1968年8月9日,尼克松在迈阿密获得共和党总统候选人提名,他的接受提名的演说诚恳激越,身世、挫折、奋斗、追求,撼动人心,许多妇女代表被感动得泪水涟涟。五彩气球缤纷飞向大厅天花板,人们起立鼓掌。可是记者席的无冕之王们却淡然处之,纹丝不动,也是记者的陈香梅忽地怒不可遏,高声请他们起立,这些人倒也愣愣地站了起来,心中嘀咕着:这个东方小女子气魄不小嘛。
陈香梅泪痕斑斑。她仍在为尼克松奋斗篇的演说而感动、
1913年1月9日,尼克松诞生在离洛杉矶约百余里的农村小镇约巴林达,九岁前过的是乡村田园生活。以后举家迁到另一小镇惠蒂尔,脾气暴躁的父亲开了爿加油店和食品杂货店,母亲性格内向喜欢独处,尼克松兄弟五人排行第二。尼克松本能够获得耶鲁大学奖学金,但因家中经济拮据,只有在惠蒂尔学院历史专业学习。无怪乎尼克松的演说同感叹自己出身寒微!

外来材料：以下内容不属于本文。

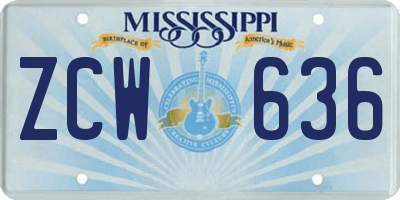 MS license plate ZCW636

第二次大战中,尼克松参加了海军;但只参加过唯一的一次战斗———1944年1月到日本飞机猛烈轰炸的布干维尔绐美军送食品。1946年尼克松在加州第一次竞选国会众议员,以“共产党影响”的罪名击败了他的政敌而获胜;1950年他竞选国会参议员,又以“粉红色女士”的罪名击败了女政敌;1952年以“反共斗士”的形象成为艾森豪威尔时代的副总统,1956年又获连任;1960年竞选总统时败于肯尼迪,原本有滔滔辩才的他偏偏在电视辩论中输给了对手,可见山外有山楼外有楼;1962年他又急匆匆竞选加州州长,欲速则不达,他遭惨败。他自己都气馁了,对新闻界说:“你们不再有机会把我当球踢了。”并给妻子碧特写下永别政治的保证书,果真与米契尔等人在纽约华尔街办起子律师事务所,兼而推销百事可乐,做起一介平民来了。可是,他无法背叛自己的心,一个声音总在耳边说:“伟大的人物常因不能忍受失败而变成庸人。许多人则由于能够忍受失败而成为伟人。失败了,爬起来,准备东山再起!”这是大学时足球教练纽曼的告诫。于是,有了今天。当然,也活该执政的民主党流年不利,美国陷于越战,劳民伤财、天怒人怨,不得不放出“巴黎和谈”的烟幕,可南越头头阮文绍阮高奇居然在高压下也不屈从,直把个民主党搅得焦头烂额。约翰逊激流勇退,把棒子交给了韩福瑞,而韩福瑞在芝加哥举行的提名大会上又发生了流血骚动。民主党大势去矣。
参政的中国女人(6)
陈香梅能不笃定泰山么?
她崇尚尼克松的坚定不移、不屈不挠。她敬重具有这种人格力量的男人。
她佩着蓝色缎带,在华尔道夫大饭店各层款款而行,神色紧张的米契尔颇神秘地对她说,尼克松一旦获胜,发表宣言后即接见她。她淡淡一笑。这是尼克松、米契尔和她三个人的默契,不,是秘密,是绝密。他们已将她视为功臣。从午夜到翌日清晨,尼克松一路领先,只是金海岸的选举结果报告很迟到来,尼克松发表获胜宣言后,即匆匆飞往佛罗里达州,这接见未能兑现。
陈香梅自足。她本无所求。
寒风嗖嗖雪花飘飘,气候越来越冷,可迎圣诞和准备总统就职大典让华府犹如热浪滚滚,陈香梅被委派担任就职委员会特别顾问和主席马里奥特的助理,总部设在潘兴大厦,陈香梅忙得兴兴轰轰。跨进共和党门槛不过八年,她已由外围步入核心,从执行进到决策,成为“厨房内阁”中唯一的女性。所谓“厨房内阁”,是助选的机要筹划委员会,人少,且策划于密室,故有此戏称。陈香梅耸耸肩,双手一摊:“厨房,传统中本来就是女人的天地嘛。”男士们说:“安娜,你就爱淘气。”他们很乐意有她,不仅智慧又清纯,而且做出的饭菜让人垂涎欲滴。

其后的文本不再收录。